The main objectives of the OGS-OFL activity are
- to define a preferred concept of the optical feeder link system that matches the features and needs of optical payloads in GEO HTS
- to identify critical optical technologies that require de-risking
- to perform selected risk mitigation activities on the constituents of such system with emphasis on the optical ground station
The simulation tool provides the following features:
- Use of published models of atmospheric turbulence strength
- Supports Downlink calculation: temporal behavior & statistics of irradiance
- at the OGS entrance pupil
- and in the OGS focal plane / single-mode receiver
- Supports Uplink calculation: temporal behavior & statistics of irradiance
- at the target satellite
- taking into account adaptive pre-compensation & anisoplanatism (point-ahead)
- Allows for sizing of the downlink / uplink aperture
- Dimensioning of the bi-directional AO system
- Includes effects of wind speed
The Lab Demonstrator provides the following key features:
- Simulates atmospheric turbulence, using rotating phase screens
- Validates simulation tool w.r.t. beam propagation effects
- Can be used as a "plug-in" atmospheric channel simulator
- at the target satellite, taking into account adaptive pre-compensation & anisoplanatism (point-ahead)
- at the ground receiver
- investigate & demonstrate end-to-end performance of an optical communications system including atmospheric channel impact transparent to communications system (Tx/Rx fiber interfaces)
This project complements findings of various optical feederlink investigations, such as ESA projects ORELIA and ONUBLA, as well as the BATS project under EU FP7. The challenge is to establish a preferred concept for an optical feeder link system of 1Tbis/s and more:
- Constitute customer requirements and carry out system analysis
- Trade-off optical modulation / demodulation schemes, incl. multiplexing / de-multiplexing, optical amplification, and atmospheric turbulence mitigation
- The high-power handling capability of a large actuator deformable mirror is investigated
- The activity scope considers an optical bi-directional point-to-point Space-Ground-Links to GEO, while staying compatible to Tbit/s OFL performance requirements
In addition, high-power handling capability of a large actuator deformable mirror is investigated.
The purpose of the proposed activity is to support the development of the Adaptive Optical Ground Station (AOGS) product series of Synopta, both, stationary or transportable, towards application in Optical Feeder Links (OFL).

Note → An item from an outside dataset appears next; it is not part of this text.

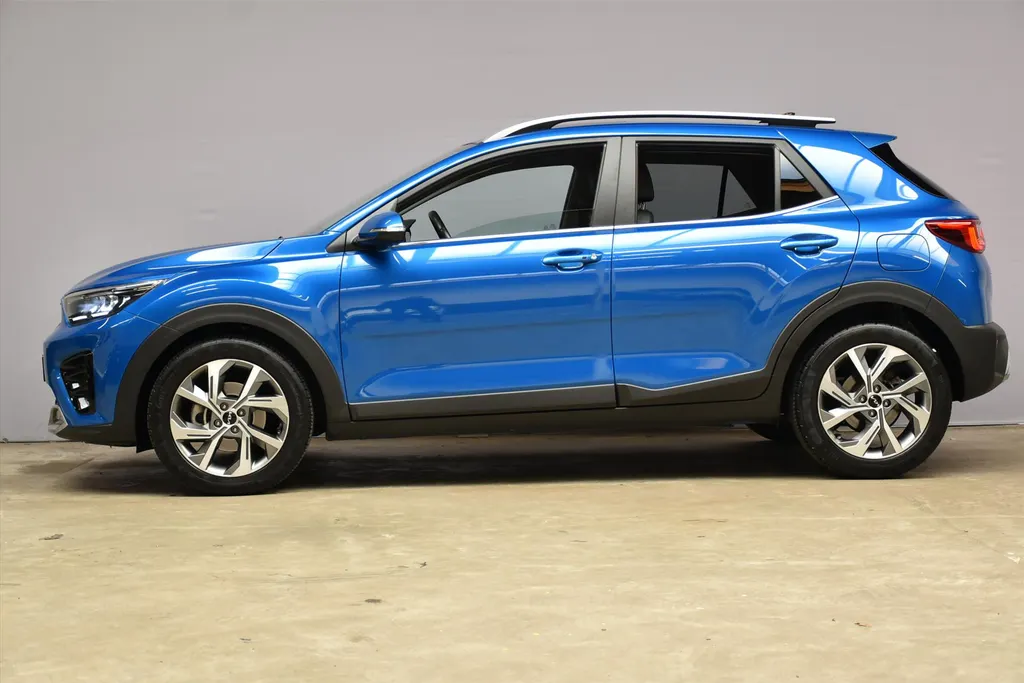 Kia Stonic 1.0 T-GDi 120pk DCT7 GT-PlusLine
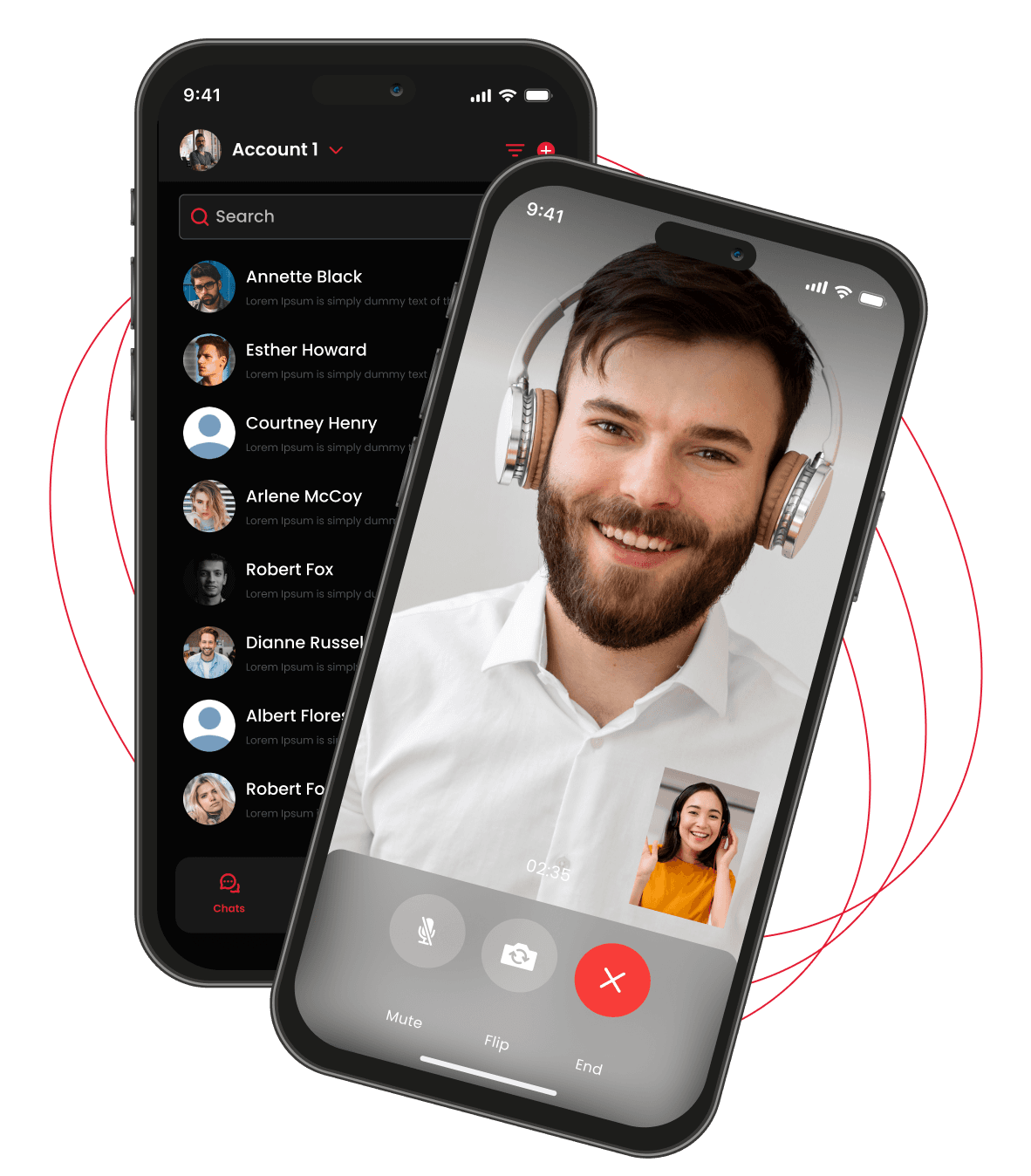 Omega Connect preview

This type of optical ground station is capable of handling multi-100Gbit/s data rates.
The Synopta AOGS product series support high-data-rate laser communication links for
- Data relay uplink/downlink with GEO satellites
- High data rate feeder links for GEO satellites
- Direct-to-Earth links, LEO and GEO
In general, the AOGS is fully transparent to the type of modulation applied. In particular, so-called transparent optical modulation schemes and their corresponding appropriate RF-optical (de-) modulation technologies for Tbit/s feeder links and corresponding high transmit power levels are supported by the Synopta AOGS.
The main features of the Synopta AOGS product series are
- Dual wavelength capability (1'064 nm, 1'550 nm)

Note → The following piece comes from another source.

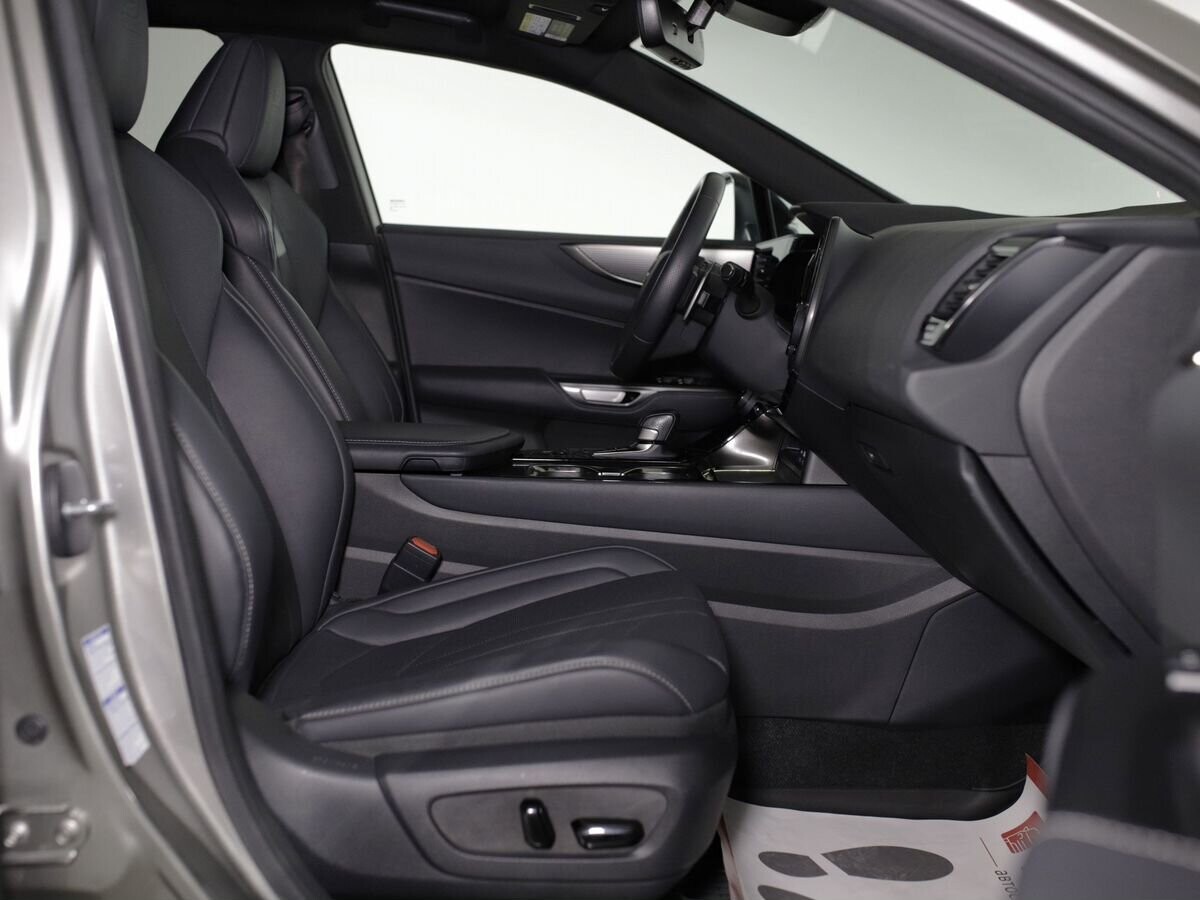 Lexus NX350 2022 - фото автомобиля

- Support of bi-directional communication and high-data rate up- and down-links
- Enables Terabit/s optical feeder links (high-power AO system)
- Full interoperability with various types of user specific communication systems (coherent or direct detection)
- Standardized control and communication interfaces
- High operational autonomy with minimum infrastructure requirements
- Networking capability to support route diversity concepts
The functional test system to be developed in this project is an End-to-End OFL Lab Demonstrator, comprising
- Optical transmitter and receiver
- RF modems for validation of user signals
- Adaptive Optics
- Atmospheric Channel Simulator
The work plan is extended to five milestones (PDR, TRR, ATR, TRR2, FR) which separate an analytical baseline work from a functional test campaign. The baseline work (first three parts) concludes with the Acceptance Test Review, and the risk mitigation (part 4) starts next.
- Requirements and System Analysis (KO to PDR)
- B/B Manufacturing & Test Preparations (PDR to TRR)
- Lab Demonstrators, Test Campaign, Appraisal (TRR to ATR)
- Risk mitigation before feasibility demonstration (ATR to FR)
The project is expected to be completed by Q1 2020.
The project achieved ATR in May 2019.
Work in progress.